Start of Exercise data
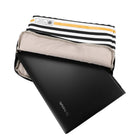 Vangoddy Luxe Series 17" Laptop Sleeve - Striped - Green-Carry your device in this sleeve conveniently and safely, inside your briefcase, purse, or backpack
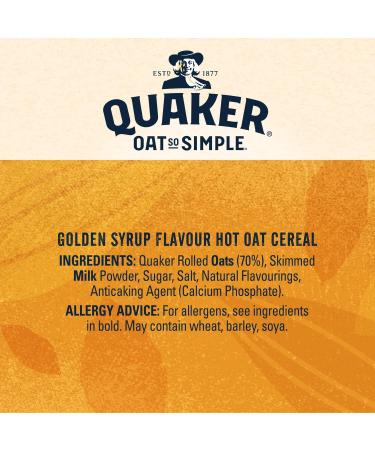 Quaker Oat So Simple Golden Syrup Porridge Pots 57 g (Pack of 24) - Buy Online on SooperMarket.com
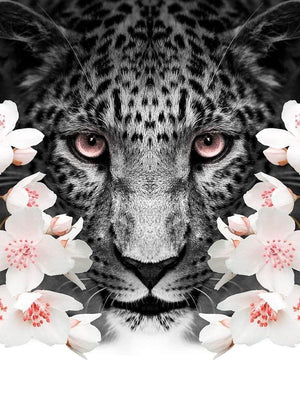 Leopard i blomster plakat dyr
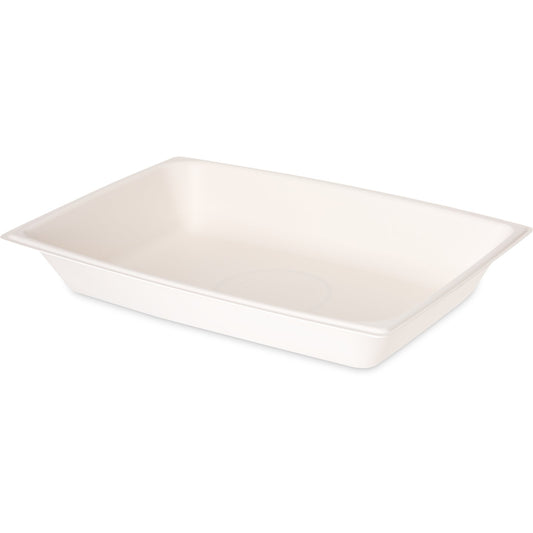 Dinex DXHH8 12 oz. White One Compartment Rectangular Entree (1000/cs)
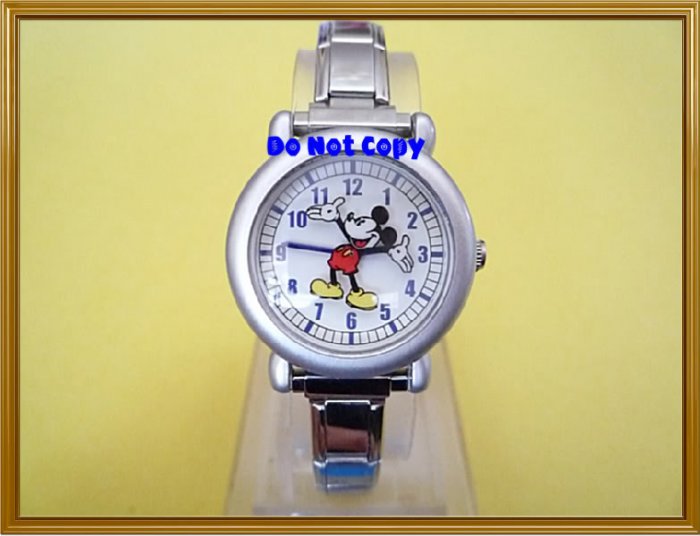 NEW Disney Mickey Mouse Rotates Italian Charm Watch HTF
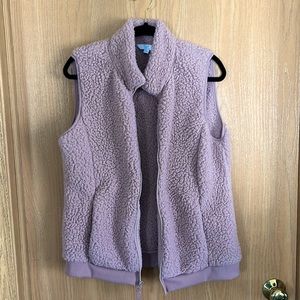 Soft pink fuzzy vest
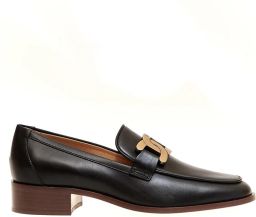 Tod's Zwarte leren instapper AW23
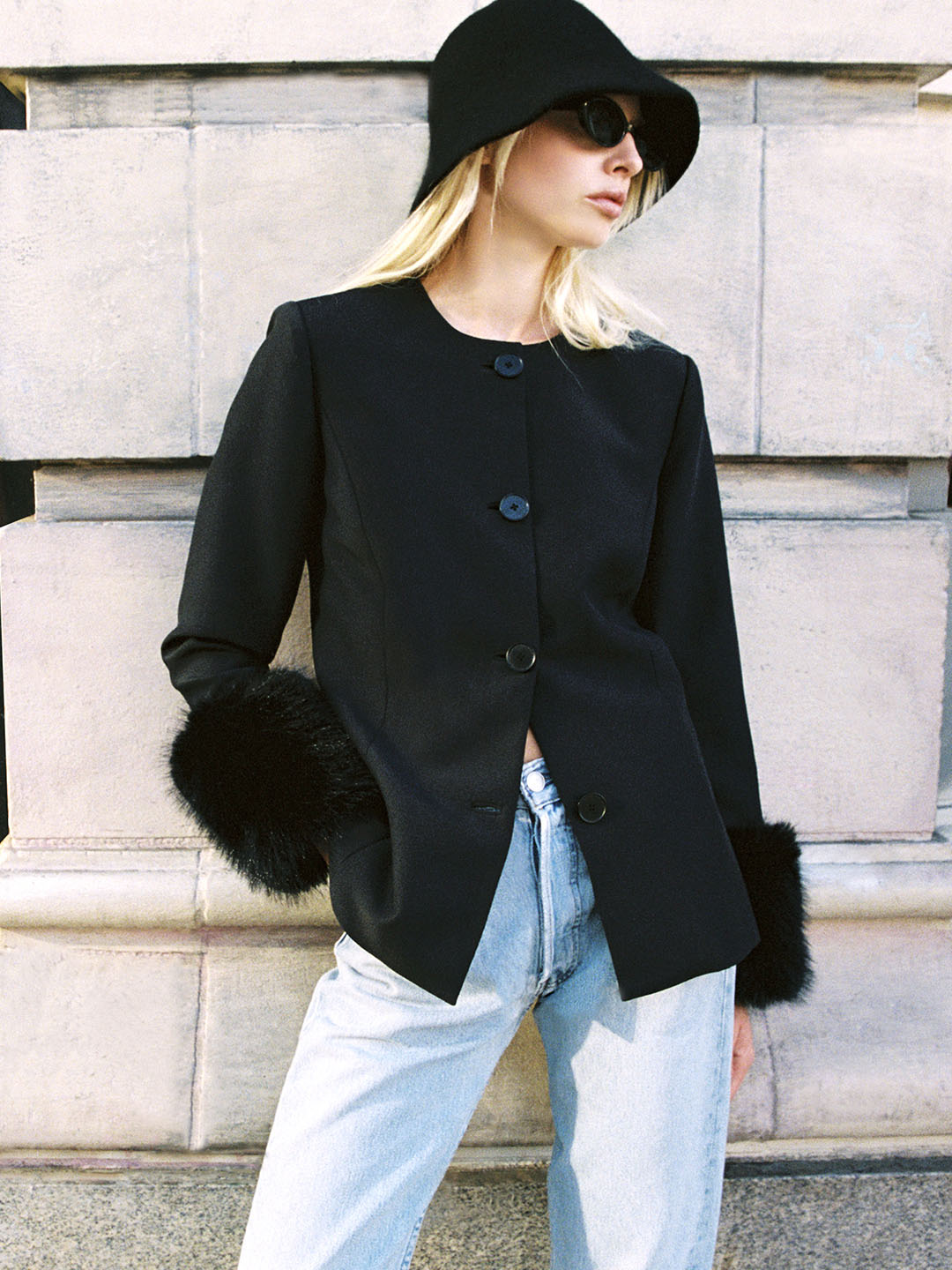 Margot Fur Trim Jacket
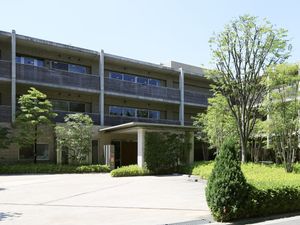 緑豊かな外観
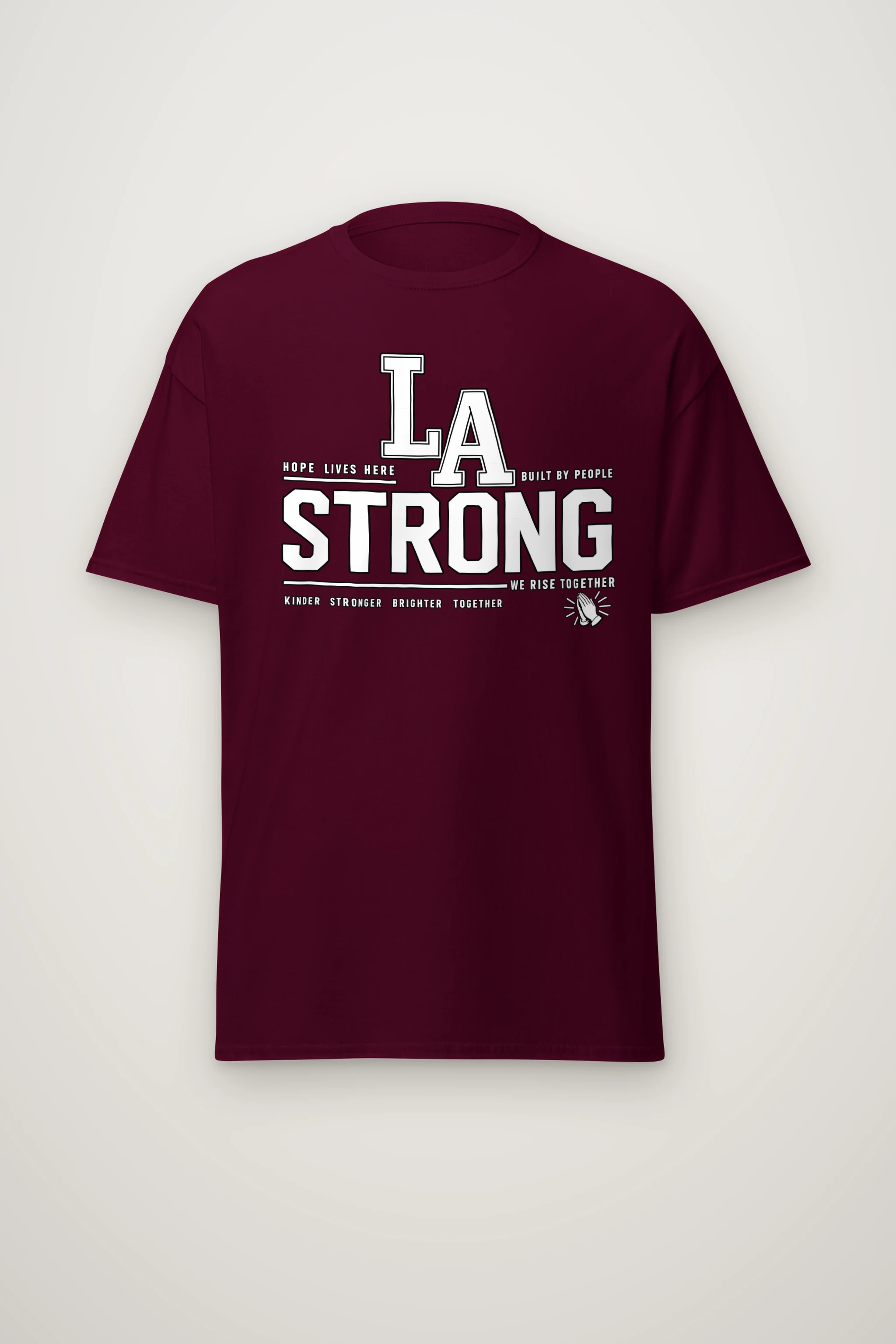 "LA Hope Lives Here" Heavyweight Unisex Crewneck T-shirt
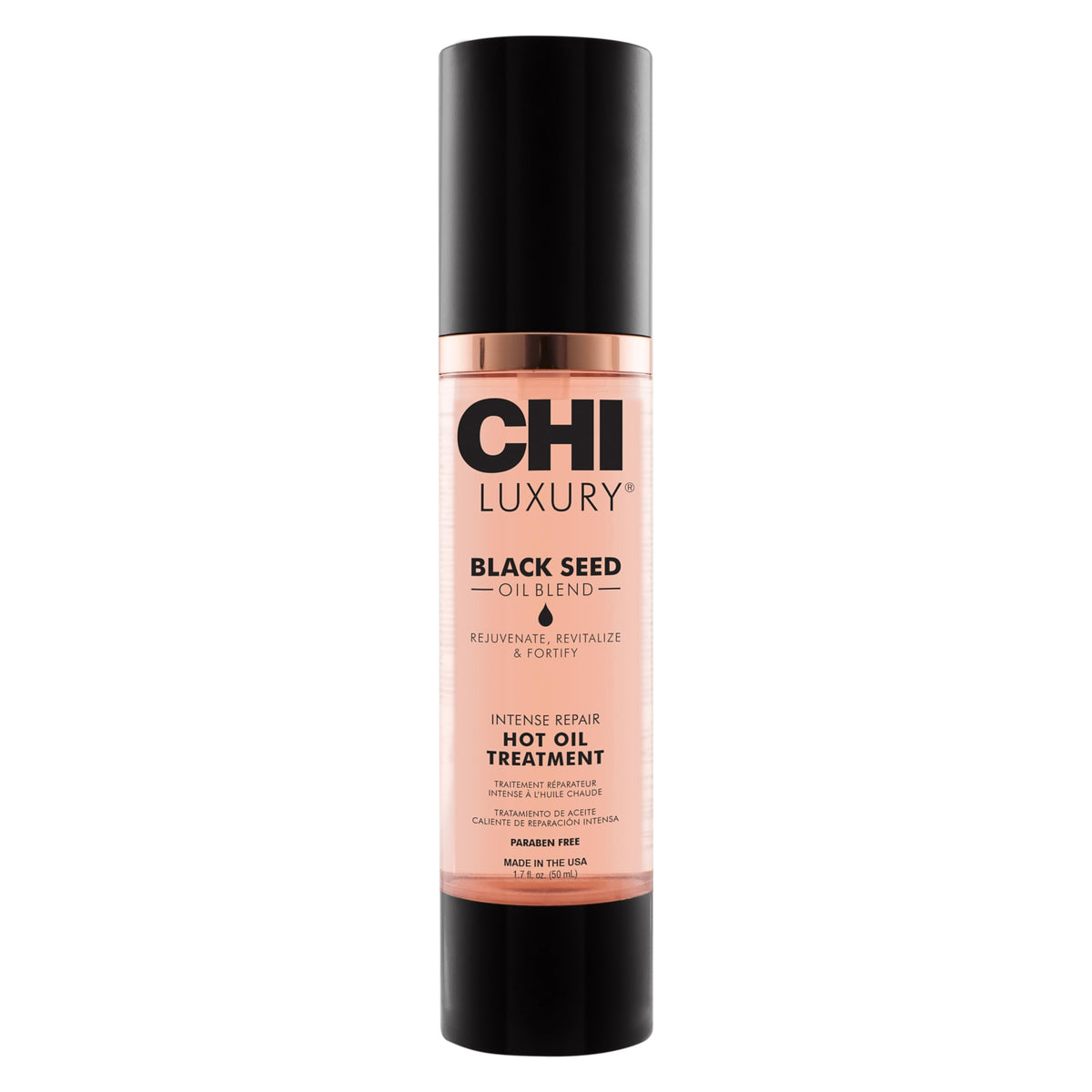 CHI front packaging showing bottle and label for easy identification and trust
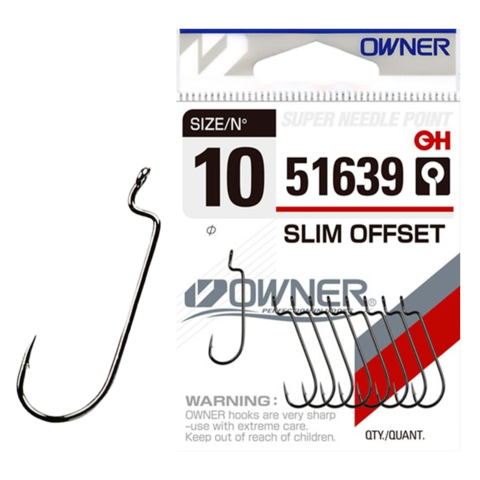 51639 № 08 Крючки OWNER/C'ULTIVA SLIM OFFSET / продажа от 5 уп.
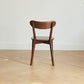 Simple Solid Oak Chair, Dark Walnut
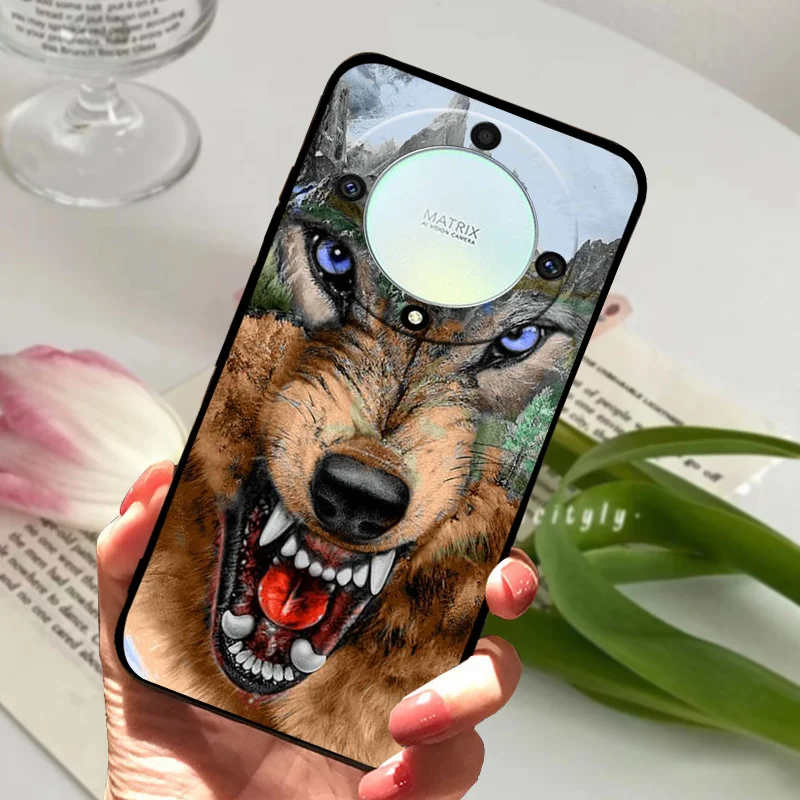 Cartoon Shockproof Soft TPU Silicone Phone Case Cover - Magic6 Lite Series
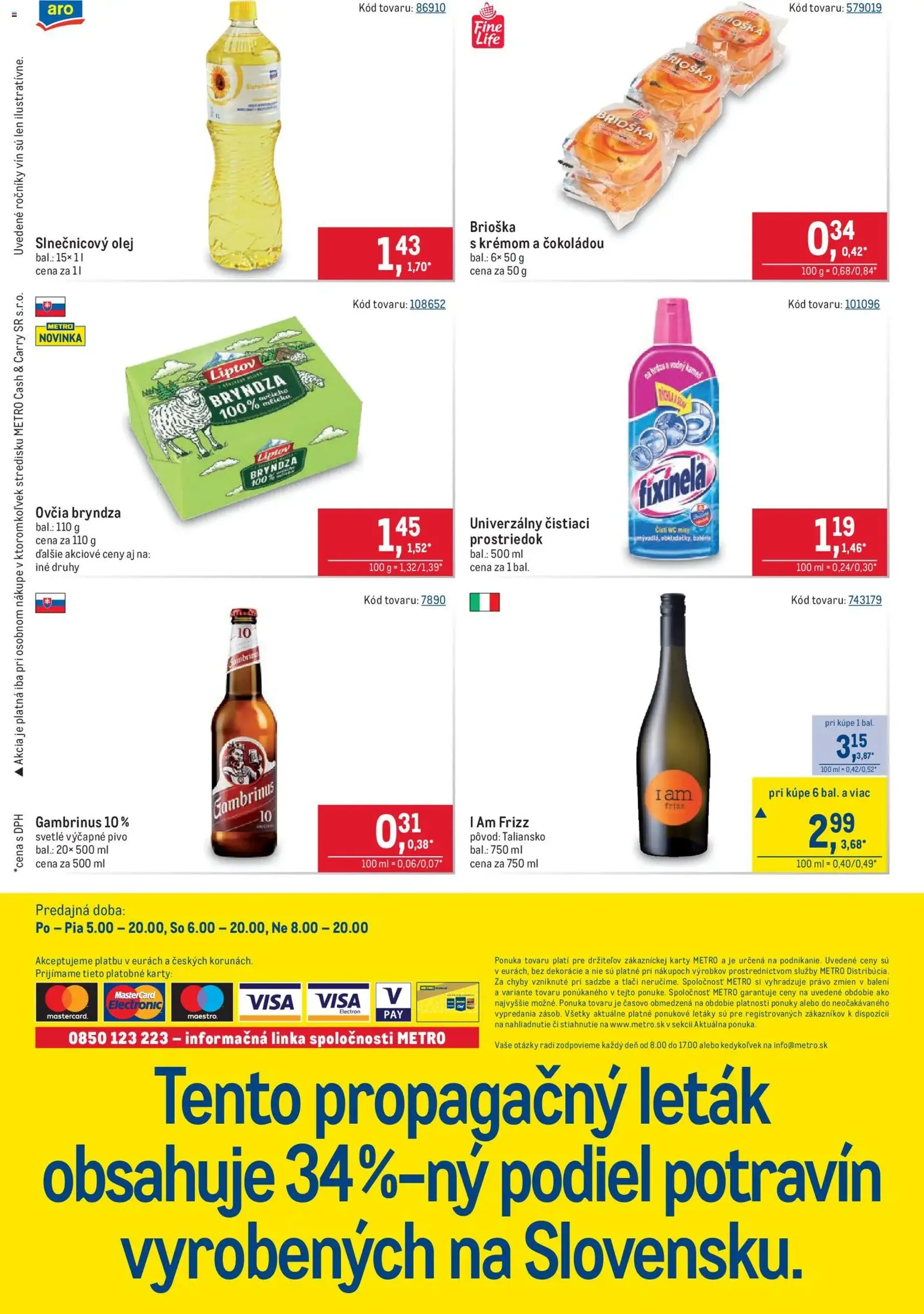 Metro leták - platný leták od 20.05.2026 strana 40 z 40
End of Exercise data
About this exercise:
Every line from the one containing "NEW Disney Mickey" through the last line of the records is to be reproduced exactly, with pictures left out and nothing else given.

Answer to the exercise:
 NEW Disney Mickey Mouse Rotates Italian Charm Watch HTF
 Soft pink fuzzy vest
 Tod's Zwarte leren instapper AW23
 Margot Fur Trim Jacket
 緑豊かな外観
 "LA Hope Lives Here" Heavyweight Unisex Crewneck T-shirt
 CHI front packaging showing bottle and label for easy identification and trust
 51639 № 08 Крючки OWNER/C'ULTIVA SLIM OFFSET / продажа от 5 уп.
 Simple Solid Oak Chair, Dark Walnut
 Cartoon Shockproof Soft TPU Silicone Phone Case Cover - Magic6 Lite Series
 Metro leták - platný leták od 20.05.2026 strana 40 z 40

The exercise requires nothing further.